Records shown Start Marker

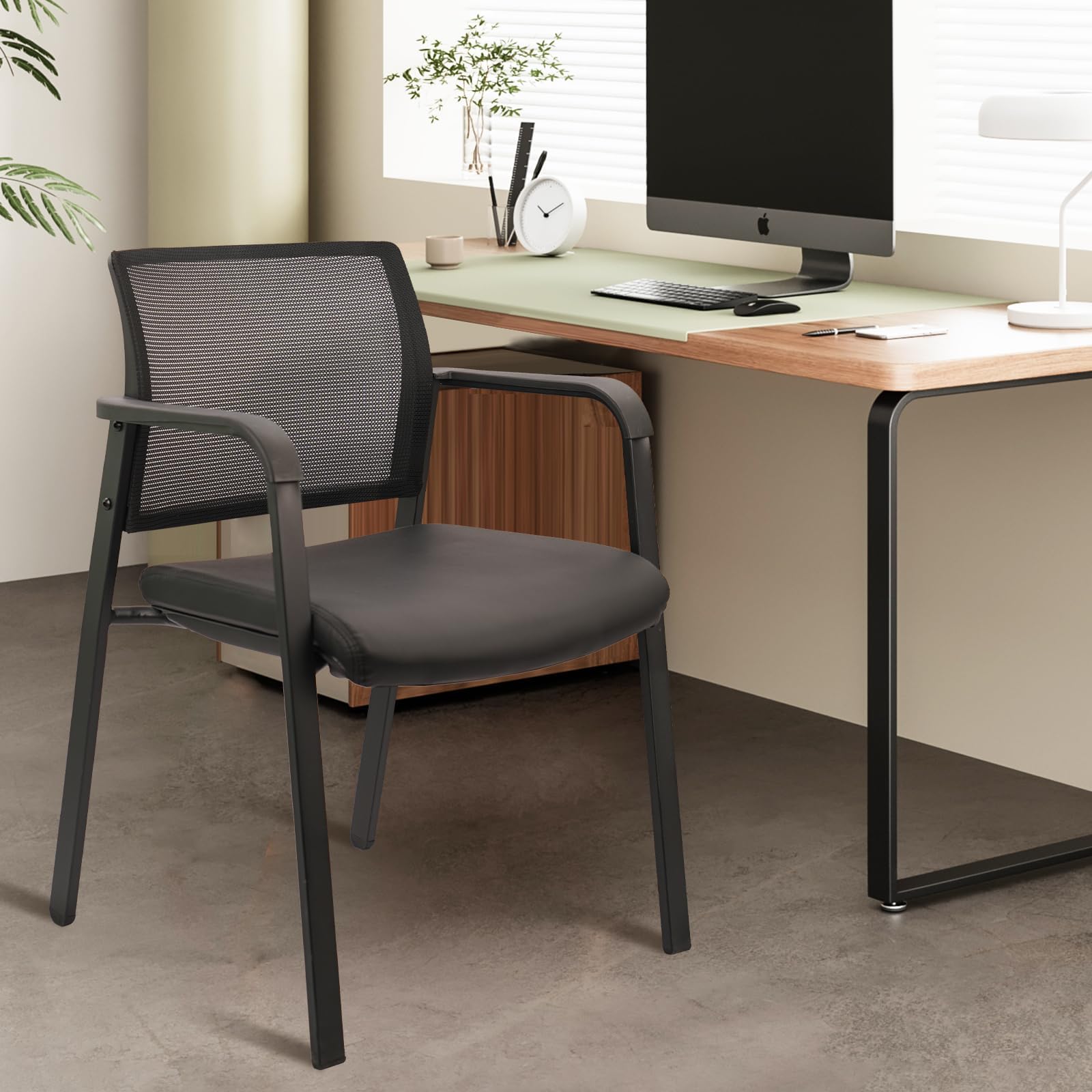 Set of 4, Stackable Office Chair, Mesh Back Guest Chairs with Comfortable Leather Seat Arms Stacking Ergonomic Desk Chair No Wheels for Conference Waiting Reception School Stationary, Black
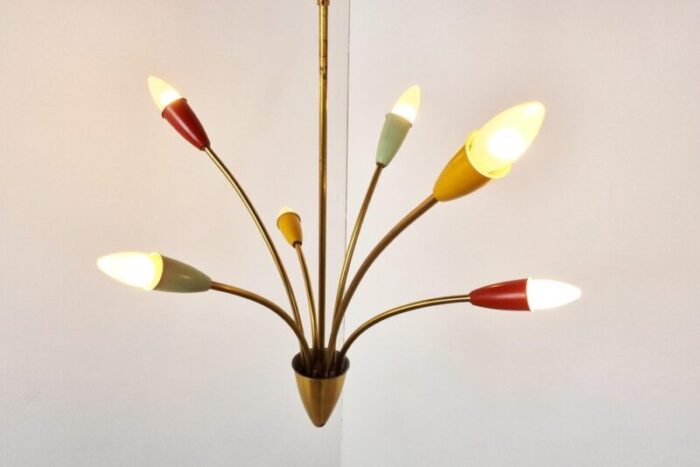 mid century italian brass chandelier 1960s 6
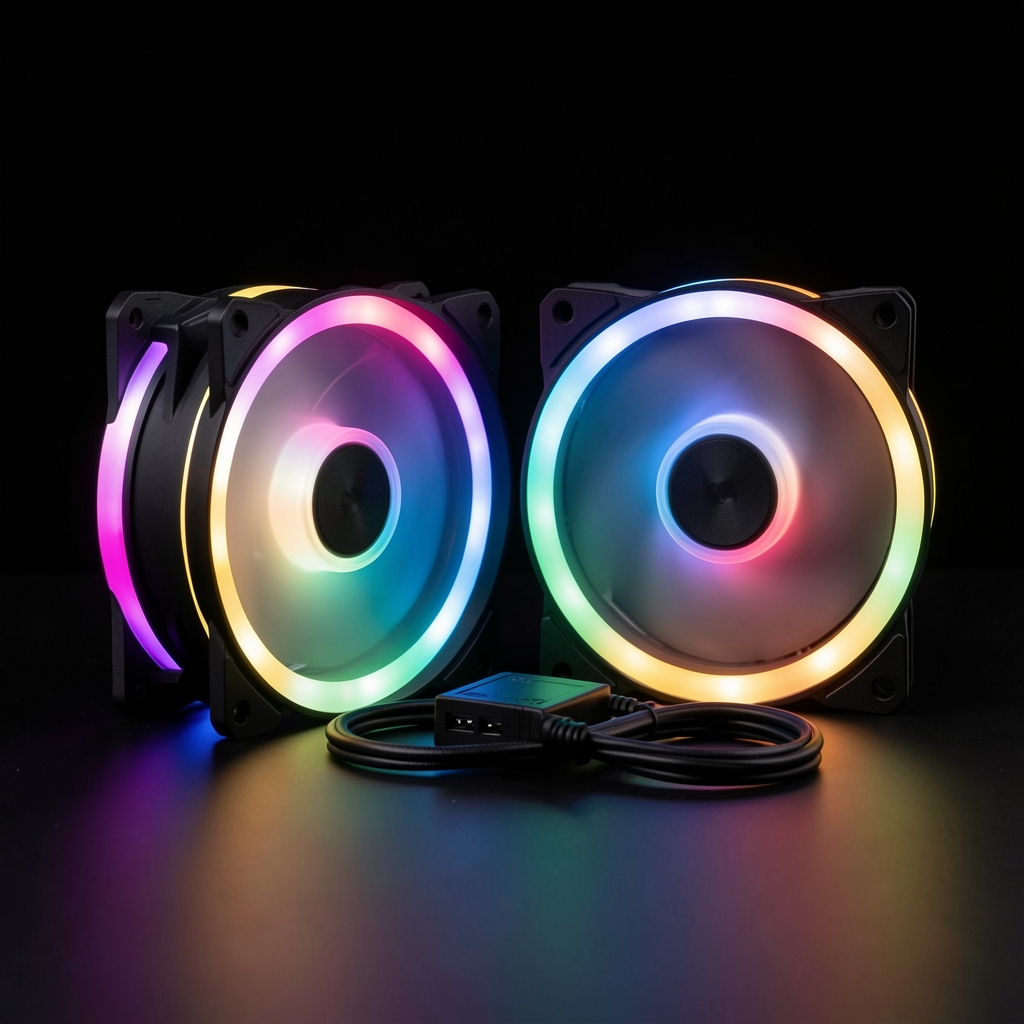 Set 3 ventilatoare Corsair LL120 RGB 120mm cu doua inele de iluminare LED RGB multicolor, hub Corsair Lightning Node Core inclus, pe fundal negru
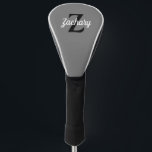 グレー白黒レトロモノグラムパーソナライズされた ゴルフヘッドカバー<br><div class="desc">このドパーソナライズされたライバーカバーは、グレーの背景に黒のモノグラムと白のレトロスクリプト名を備えている。</div>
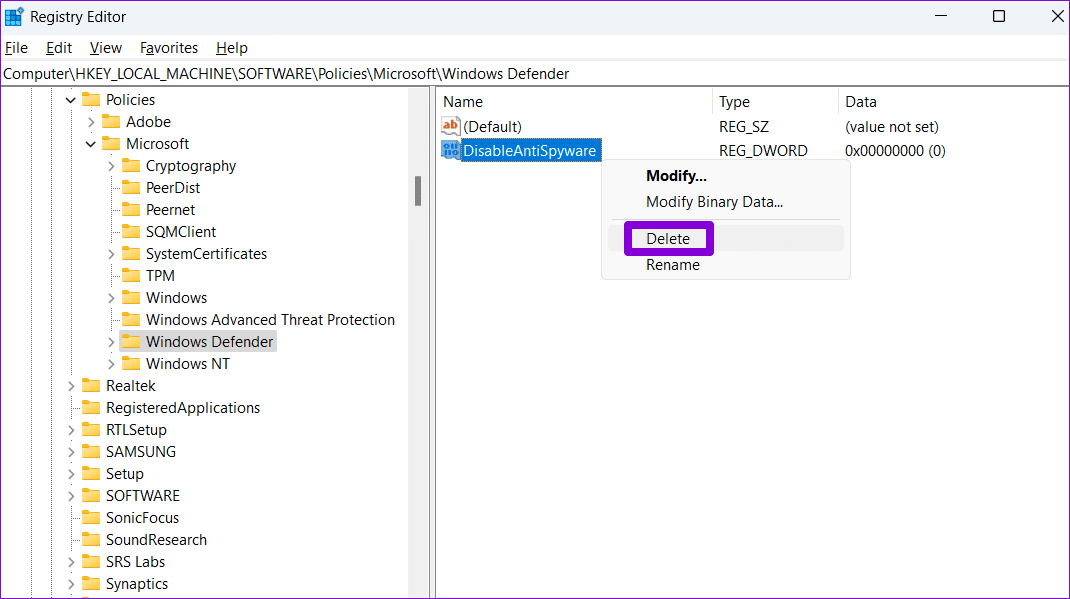 Delete Registry DWORD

Records shown End Marker

Requirement
The answer should contain only the lines from the beginning of the material above through the line with "mid century italian brass chandelier 1960s 6", retyped exactly, with the pictures removed.

Expected answer
 Set of 4, Stackable Office Chair, Mesh Back Guest Chairs with Comfortable Leather Seat Arms Stacking Ergonomic Desk Chair No Wheels for Conference Waiting Reception School Stationary, Black
 mid century italian brass chandelier 1960s 6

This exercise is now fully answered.